Your opponent should feel intense pressure on the elbow joint. If she/he doesn’t tap, he/she will risk torn ligaments or tendons in the elbow joint.
One of the easiest, most effective and least risky submissions to pull from the top position is the arm triangle. Once you’re in side control, it’s easy to transition to the arm triangle, especially when your opponent attempts to frame and make space with his arm. With your pressure on your opponent’s shoulder and your arm, your opponent has no option but to tap out to the choke as he is also smothered by his own limbs.
To execute the arm triangle, get into side control, and use your forearm along with your opponent’s arm and shoulder and press it into the opposite side of his neck. You can also get the arm triangle from the mount position.
If performed correctly, your opponent should tap right away because the blood flow is cut on both sides of the neck.
Although it is considered to be a risky submission since it involves being on your back and giving up a dominant position, the triangle choke, once executed properly, is one of the best submissions to use in MMA. This is because of the variety of ways the triangle could be set up and transitioned from.
To execute the triangle position, you need to be in the closed guard position and must have control of at least one of your opponent’s arms. As you open your closed guard, quickly step on your opponent’s hip and shoot one leg over his shoulder, lock both your legs. Put your hand behind your opponent’s head and pull him towards you to finish the choke. You can also execute the triangle from the mount position.
Should your opponent escape from the triangle, there is an option to transition to an armbar or omoplata.

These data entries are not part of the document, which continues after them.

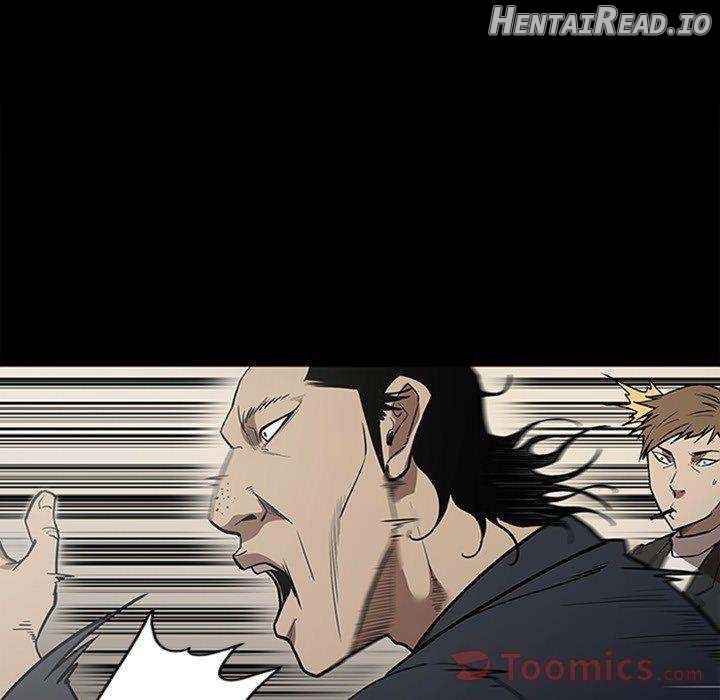 The V Squad Chapter 41 - page 25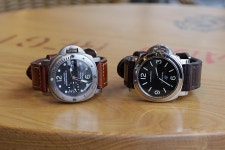 Join - Panerai - TIMEFORUM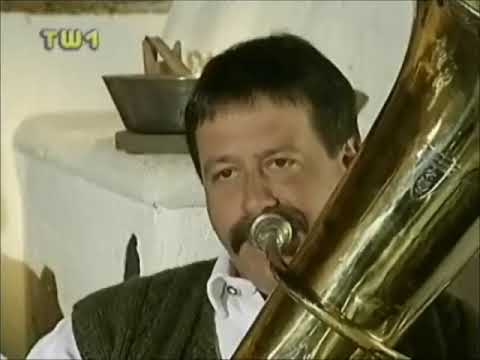 Werfenwenger Tanzlmusi   Pinzgauer Bauernpolka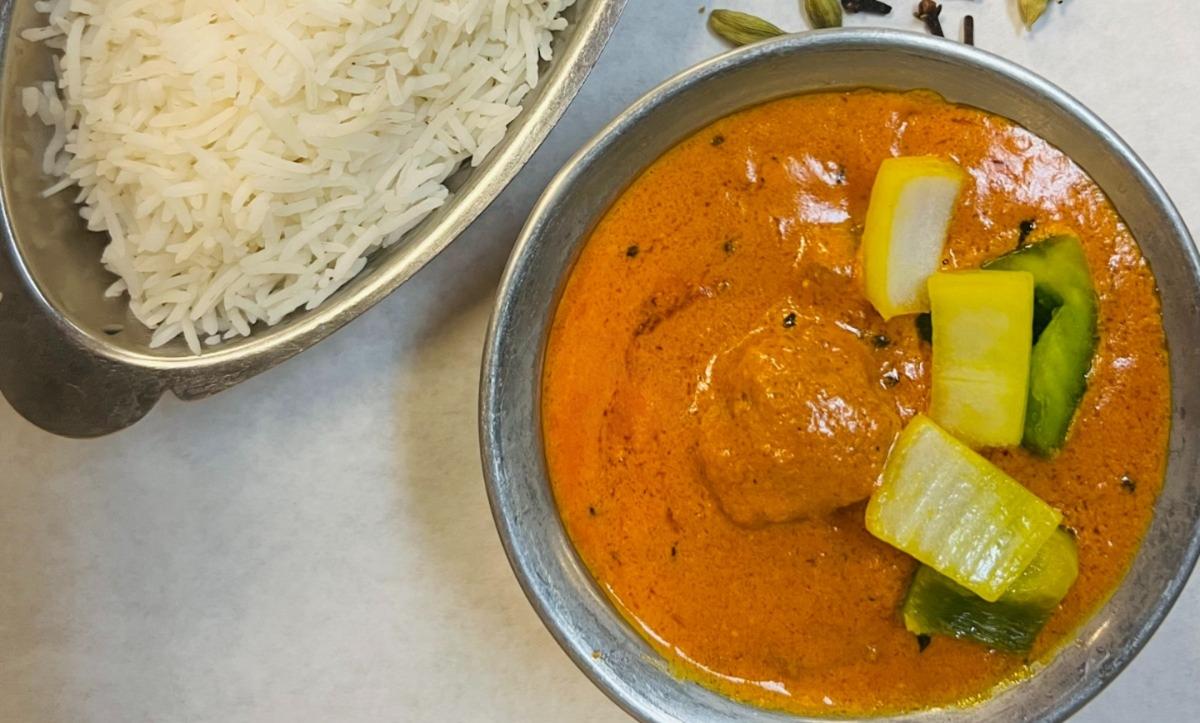 Lamb Masala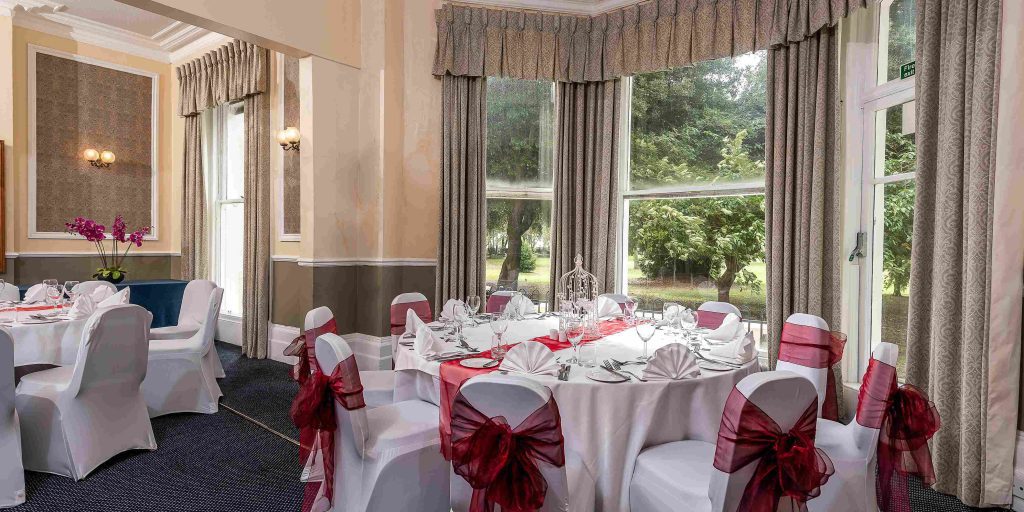 Affordable (Yet Stylish) Wedding Venues in Kent voco folkestone 2x1 5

Although finishing a submission in MMA may prove to be tricky because of the lack of friction and the possibility of a barrage of punches coming at you, it is certainly one of the best ways to end a fight. Remember, the key to pulling off a submission is a great set up and a chain of submissions to follow should the first one go awry. Don’t forget to drill these submissions in your next BJJ class and pay extra attention to the details – they’ll certainly help you get the finish you’re looking for.